Commentary & Perspective
Commentary & Perspective on
"Operative Compared with Nonoperative Treatment of a Thoracolumbar Burst Fracture without Neurological Deficit. A Prospective, Randomized Study"
by K. Wood, MD, et al.
Commentary & Perspective by
Frank J. Eismont, MD*,
Department of Orthopaedics and Rehabilitation,
University of Miami School of Medicine, Miami, FL
Wood et al. are to be commended for performing a prospective, randomized study comparing operative and nonoperative treatment of thoracolumbar burst fractures in patients without a neurological deficit.
On the basis of retrospective data, it was reported that as many as 20% of neurologically normal patients with burst fractures treated nonoperatively would develop neurologic deterioration1. Clinicians at that time advocated operative treatment of most burst fractures with 20% to 25% of canal compromise. Over time, as experience suggested that certain patients who received nonoperative treatment of thoracolumbar burst fractures were not neurologically compromised, the degree of canal compromise that indicated operative treatment was raised to 30%, and then to 40%, 50%, and increasingly greater percentages. From 1988 to 1990, a prospective study was carried out at our institution2 in which neurologically normal patients with stable burst fractures were treated nonoperatively regardless of the degree of canal compromise. Good results were obtained with use of thoracolumbosacral orthoses (TLSO braces) and early ambulation.

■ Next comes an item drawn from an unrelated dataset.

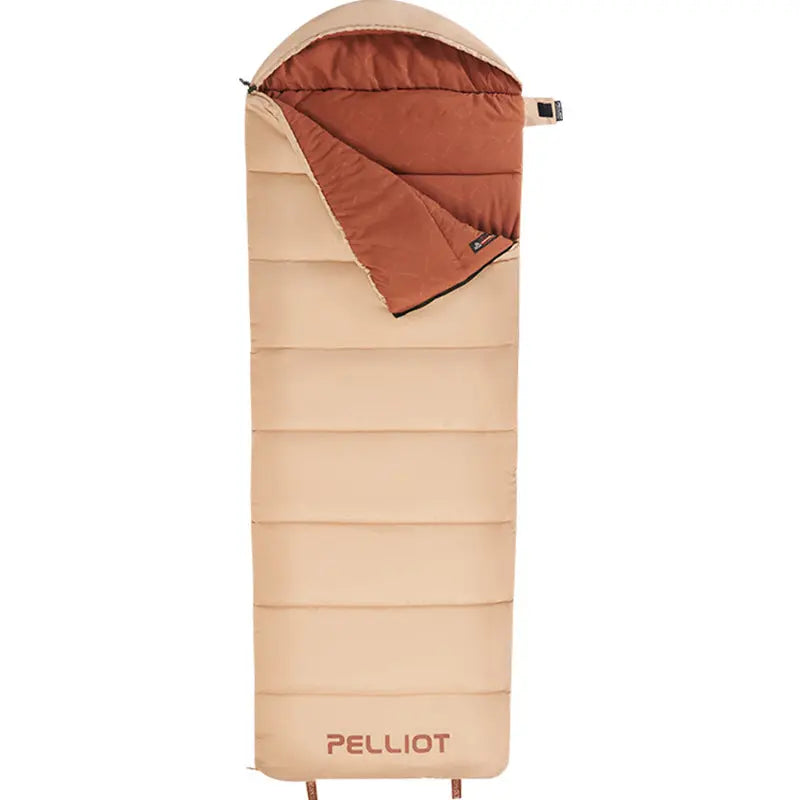 Load image into Gallery viewer, Pelliot Convertible Outdoor Sleeping Bag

In this study, Wood et al. have further refined the evaluation of patients with burst fractures that are treated nonoperatively and also have directly compared the results of nonoperative treatment with those of operative treatment. The authors found that the results of operative treatment were not significantly better in terms of final kyphosis, improvement in canal compromise, and pain rated with a visual analog pain scale. The results were substantially better for the nonoperative group regarding final functional disability. Results in the nonoperative group were also better than those in the operative group in several other areas, which were not statistically evaluated, including return to work at six months (74% vs. 42%), cost (approximate averages of $11,000 vs. $49,000), and complications (13% of patients vs. 67% of patients). In addition, six patients in the operative group had a second operation for removal of instrumentation (Appendix).

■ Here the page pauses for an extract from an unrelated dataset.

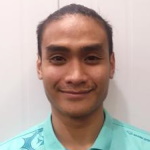 A. Aguinaldo photo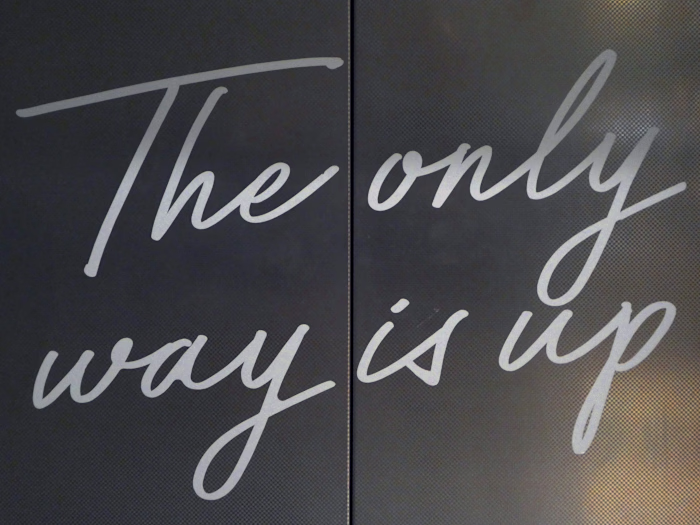 Lead Generation via Outbound Sales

The strength of this paper lies in the prospective and randomized study design used in the comparison of nonoperative and operative treatment of burst fractures. The enrollment of fifty-three patients and the 89% follow-up at a minimum of two years (average duration of follow-up, 44 months) is outstanding. One weakness of the study design is the unblinded final evaluations, which were performed by the treating physicians rather than by a professional unaware of the treatment rendered. Another weakness of this study is that, even though patients were prospectively randomized to either of the two treatment groups by computer, there were two persistent biases inherent in the patient demographics of the two groups. The smoking status of the patients was significantly different between the two groups, with 17% of the nonoperative group and 66% of the operative group being smokers (p less than 0.01). There was also a large difference in the number of patients covered by Workers' Compensation—4% of the nonoperative group and 29% of the operative group. (Appendix, Tables E-1 and E-2). Unfortunately, both smokers and patients who receive Workers' Compensation tend to have poorer results after most types of spine treatment, so that even though the patients were randomized in this study, there was inherent bias against surgical treatment.
Despite these criticisms, this is still an excellent study comparing the outcomes of operative and nonoperative treatment of thoracolumbar burst fractures in patients who are neurologically intact.
*The author did not receive grants or outside funding in support of the research or preparation of this manuscript. He did not receive payments or other benefits or a commitment or agreement to provide such benefits from a commercial entity. No commercial entity paid or directed, or agreed to pay or direct, any benefits to any research fund, foundation, educational institution, or other charitable or nonprofit organization with which the author is affiliated or associated.
References
1. Denis F. The three column spine and its significance in the classification of acute thoracolumbar spinal injuries. Spine. 1983;8:817-31.
2. Cantor JB, Lebwohl NH, Garvey T, Eismont FJ. Nonoperative management of stable thoracolumbar burst fractures with early ambulation and bracing. Spine. 1993;18:971-6.